Short web captions:
++++++++++++++++++++

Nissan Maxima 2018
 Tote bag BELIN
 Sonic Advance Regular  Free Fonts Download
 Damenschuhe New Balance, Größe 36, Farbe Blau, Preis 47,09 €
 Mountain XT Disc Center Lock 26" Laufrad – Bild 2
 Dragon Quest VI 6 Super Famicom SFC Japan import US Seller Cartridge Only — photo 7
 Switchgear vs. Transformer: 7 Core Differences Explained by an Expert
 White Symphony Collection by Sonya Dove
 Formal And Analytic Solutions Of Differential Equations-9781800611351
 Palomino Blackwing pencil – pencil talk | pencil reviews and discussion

++++++++++++++++++++

## Action item
The lines from the one containing "Dragon Quest VI" through the last line of the records are the answer; set them down exactly and add nothing.

## Task response
 Dragon Quest VI 6 Super Famicom SFC Japan import US Seller Cartridge Only — photo 7
 Switchgear vs. Transformer: 7 Core Differences Explained by an Expert
 White Symphony Collection by Sonya Dove
 Formal And Analytic Solutions Of Differential Equations-9781800611351
 Palomino Blackwing pencil – pencil talk | pencil reviews and discussion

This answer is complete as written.